Single by Chencho Corleone

from the album Solo
- Language: Spanish
- English title: "Time to Go"
- Released: June 29, 2023
- Recorded: 2023
- Genre: Reggaeton
- Length: 3:03
- Label: Cerco; Sony Latin;
- Songwriters: Orlando Valle; Urbani Mota Cedeño; Jorge Luis Romero; Jowell Hernández;
- Producers: Urba & Rome

Chencho Corleone singles chronology
| "Podemos Repetirlo" (2023) | "Hora de Salir" (2023) | "Podemos Repetirlo" (remix) (2023) |

Music video
- "Hora de Salir" on YouTube

= Hora de Salir =

"Hora de Salir" (English: "Time to Go") is a song by Puerto Rican singer Chencho Corleone.
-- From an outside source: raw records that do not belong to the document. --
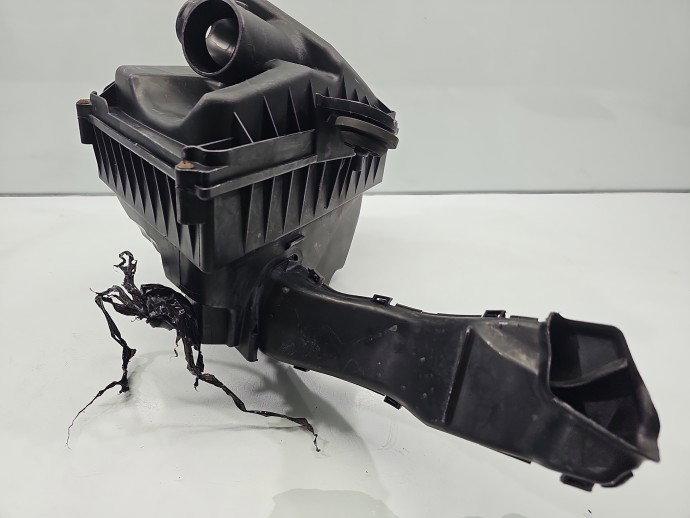 Carcasa filtru aer Ford Mondeo 4 [Fabr 2007-2015] 6G91-9A675-AD 2.0 Benz AOBA 107KW / 146CP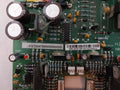 Hi-rel Hrd-047D Card Printed Circuit Board 41073047D00000000G0L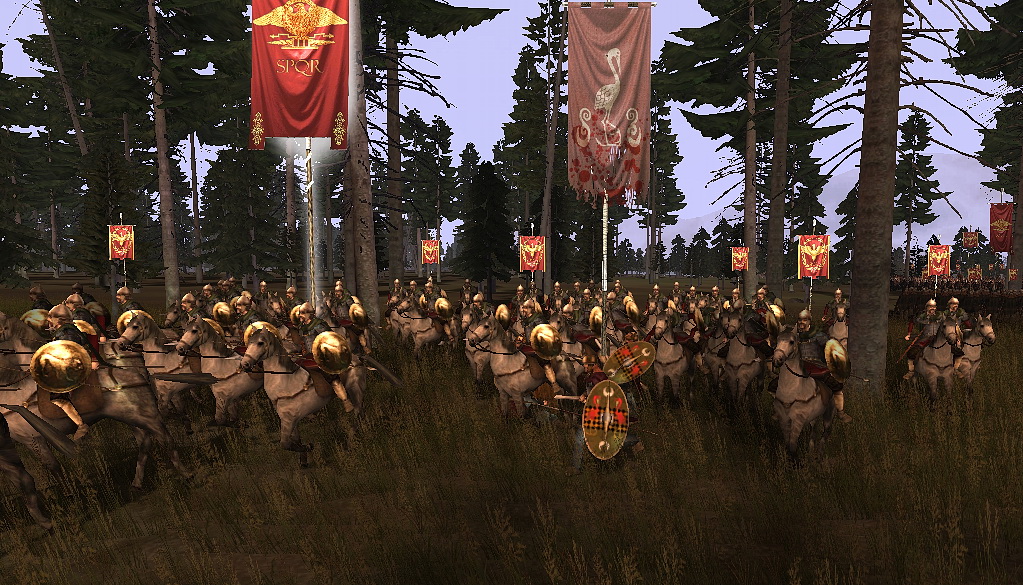 Imperial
It was released on June 29, 2023, through Cerco and Sony Music Latin. It is the second single that Chencho Corleone performs alone, after "Un Cigarrillo". It is also the second single from his debut studio album, Solo (2024).
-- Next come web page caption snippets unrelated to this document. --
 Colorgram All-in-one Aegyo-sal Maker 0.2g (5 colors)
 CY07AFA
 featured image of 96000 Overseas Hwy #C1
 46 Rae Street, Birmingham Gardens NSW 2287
== Background and release ==
After the success of "Un Cigarrillo" just a month later, at the end of June 2023 he announced the release of his new single "Hora de Salir" for June 29.

== Music video ==
The music video was premiered on Chencho Corleone's official YouTube channel on June 29, 2023 along with the single simultaneously and shows Corleone performing the song while driving a racing car and at a nightclub. It also shows a woman getting ready to "go out".

== Certifications ==

Certifications and sales for "Desesperados"
| Region | Certification | Certified units/sales |
| United States (RIAA) | Platinum (Latin) | 60,000^{‡} |
^{‡} Sales+streaming figures based on certification alone.